This exercise calls for the listing to be set down exactly.

Data to process section start

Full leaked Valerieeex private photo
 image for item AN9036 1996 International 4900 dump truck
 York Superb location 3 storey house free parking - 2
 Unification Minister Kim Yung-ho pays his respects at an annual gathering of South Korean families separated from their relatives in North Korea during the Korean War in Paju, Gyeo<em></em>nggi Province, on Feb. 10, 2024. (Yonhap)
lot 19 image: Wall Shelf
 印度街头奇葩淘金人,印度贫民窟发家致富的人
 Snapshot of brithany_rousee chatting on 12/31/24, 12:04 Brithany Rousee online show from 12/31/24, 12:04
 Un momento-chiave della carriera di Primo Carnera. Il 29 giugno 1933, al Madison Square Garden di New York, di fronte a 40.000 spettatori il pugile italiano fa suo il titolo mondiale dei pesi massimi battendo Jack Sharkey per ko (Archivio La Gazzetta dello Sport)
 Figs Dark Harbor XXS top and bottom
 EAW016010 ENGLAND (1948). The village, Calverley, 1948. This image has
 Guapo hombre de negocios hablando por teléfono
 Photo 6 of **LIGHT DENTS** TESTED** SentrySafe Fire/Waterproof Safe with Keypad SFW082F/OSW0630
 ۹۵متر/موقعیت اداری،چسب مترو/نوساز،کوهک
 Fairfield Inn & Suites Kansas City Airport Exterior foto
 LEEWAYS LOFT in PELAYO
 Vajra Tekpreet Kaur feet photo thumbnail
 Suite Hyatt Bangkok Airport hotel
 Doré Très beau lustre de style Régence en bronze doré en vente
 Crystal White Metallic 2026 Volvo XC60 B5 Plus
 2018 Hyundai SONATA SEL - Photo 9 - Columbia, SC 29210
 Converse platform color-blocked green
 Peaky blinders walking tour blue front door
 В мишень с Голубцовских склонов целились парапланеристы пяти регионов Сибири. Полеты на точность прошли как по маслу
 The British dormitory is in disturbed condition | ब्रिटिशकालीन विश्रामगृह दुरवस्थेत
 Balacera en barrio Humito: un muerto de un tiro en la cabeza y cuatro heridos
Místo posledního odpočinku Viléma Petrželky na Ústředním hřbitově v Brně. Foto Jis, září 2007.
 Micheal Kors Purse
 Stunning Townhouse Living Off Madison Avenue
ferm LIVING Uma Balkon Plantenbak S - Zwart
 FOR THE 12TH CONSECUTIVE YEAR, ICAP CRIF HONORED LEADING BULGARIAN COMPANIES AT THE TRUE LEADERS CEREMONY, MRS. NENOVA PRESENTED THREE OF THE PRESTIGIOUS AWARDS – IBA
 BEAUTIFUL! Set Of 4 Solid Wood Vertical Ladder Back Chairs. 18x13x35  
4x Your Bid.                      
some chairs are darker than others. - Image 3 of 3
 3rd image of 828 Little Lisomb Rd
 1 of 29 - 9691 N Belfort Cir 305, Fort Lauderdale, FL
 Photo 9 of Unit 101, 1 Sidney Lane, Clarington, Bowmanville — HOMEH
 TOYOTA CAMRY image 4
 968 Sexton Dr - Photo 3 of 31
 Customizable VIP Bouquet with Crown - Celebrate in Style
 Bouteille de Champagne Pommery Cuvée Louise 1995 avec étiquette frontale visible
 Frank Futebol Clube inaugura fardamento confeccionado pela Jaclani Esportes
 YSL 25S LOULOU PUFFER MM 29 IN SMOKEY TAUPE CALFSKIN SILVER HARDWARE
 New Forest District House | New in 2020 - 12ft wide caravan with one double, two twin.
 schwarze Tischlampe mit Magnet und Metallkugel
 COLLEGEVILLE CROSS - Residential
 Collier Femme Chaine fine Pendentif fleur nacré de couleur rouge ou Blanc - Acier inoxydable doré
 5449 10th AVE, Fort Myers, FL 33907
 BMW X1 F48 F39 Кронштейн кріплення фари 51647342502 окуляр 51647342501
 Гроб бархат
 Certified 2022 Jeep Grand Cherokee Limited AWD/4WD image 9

Data to process section end

## Solution for this problem
Full leaked Valerieeex private photo
 image for item AN9036 1996 International 4900 dump truck
 York Superb location 3 storey house free parking - 2
 Unification Minister Kim Yung-ho pays his respects at an annual gathering of South Korean families separated from their relatives in North Korea during the Korean War in Paju, Gyeo<em></em>nggi Province, on Feb. 10, 2024. (Yonhap)
lot 19 image: Wall Shelf
 印度街头奇葩淘金人,印度贫民窟发家致富的人
 Snapshot of brithany_rousee chatting on 12/31/24, 12:04 Brithany Rousee online show from 12/31/24, 12:04
 Un momento-chiave della carriera di Primo Carnera. Il 29 giugno 1933, al Madison Square Garden di New York, di fronte a 40.000 spettatori il pugile italiano fa suo il titolo mondiale dei pesi massimi battendo Jack Sharkey per ko (Archivio La Gazzetta dello Sport)
 Figs Dark Harbor XXS top and bottom
 EAW016010 ENGLAND (1948). The village, Calverley, 1948. This image has
 Guapo hombre de negocios hablando por teléfono
 Photo 6 of **LIGHT DENTS** TESTED** SentrySafe Fire/Waterproof Safe with Keypad SFW082F/OSW0630
 ۹۵متر/موقعیت اداری،چسب مترو/نوساز،کوهک
 Fairfield Inn & Suites Kansas City Airport Exterior foto
 LEEWAYS LOFT in PELAYO
 Vajra Tekpreet Kaur feet photo thumbnail
 Suite Hyatt Bangkok Airport hotel
 Doré Très beau lustre de style Régence en bronze doré en vente
 Crystal White Metallic 2026 Volvo XC60 B5 Plus
 2018 Hyundai SONATA SEL - Photo 9 - Columbia, SC 29210
 Converse platform color-blocked green
 Peaky blinders walking tour blue front door
 В мишень с Голубцовских склонов целились парапланеристы пяти регионов Сибири. Полеты на точность прошли как по маслу
 The British dormitory is in disturbed condition | ब्रिटिशकालीन विश्रामगृह दुरवस्थेत
 Balacera en barrio Humito: un muerto de un tiro en la cabeza y cuatro heridos
Místo posledního odpočinku Viléma Petrželky na Ústředním hřbitově v Brně. Foto Jis, září 2007.
 Micheal Kors Purse
 Stunning Townhouse Living Off Madison Avenue
ferm LIVING Uma Balkon Plantenbak S - Zwart
 FOR THE 12TH CONSECUTIVE YEAR, ICAP CRIF HONORED LEADING BULGARIAN COMPANIES AT THE TRUE LEADERS CEREMONY, MRS. NENOVA PRESENTED THREE OF THE PRESTIGIOUS AWARDS – IBA
 BEAUTIFUL! Set Of 4 Solid Wood Vertical Ladder Back Chairs. 18x13x35  
4x Your Bid.                      
some chairs are darker than others. - Image 3 of 3
 3rd image of 828 Little Lisomb Rd
 1 of 29 - 9691 N Belfort Cir 305, Fort Lauderdale, FL
 Photo 9 of Unit 101, 1 Sidney Lane, Clarington, Bowmanville — HOMEH
 TOYOTA CAMRY image 4
 968 Sexton Dr - Photo 3 of 31
 Customizable VIP Bouquet with Crown - Celebrate in Style
 Bouteille de Champagne Pommery Cuvée Louise 1995 avec étiquette frontale visible
 Frank Futebol Clube inaugura fardamento confeccionado pela Jaclani Esportes
 YSL 25S LOULOU PUFFER MM 29 IN SMOKEY TAUPE CALFSKIN SILVER HARDWARE
 New Forest District House | New in 2020 - 12ft wide caravan with one double, two twin.
 schwarze Tischlampe mit Magnet und Metallkugel
 COLLEGEVILLE CROSS - Residential
 Collier Femme Chaine fine Pendentif fleur nacré de couleur rouge ou Blanc - Acier inoxydable doré
 5449 10th AVE, Fort Myers, FL 33907
 BMW X1 F48 F39 Кронштейн кріплення фари 51647342502 окуляр 51647342501
 Гроб бархат
 Certified 2022 Jeep Grand Cherokee Limited AWD/4WD image 9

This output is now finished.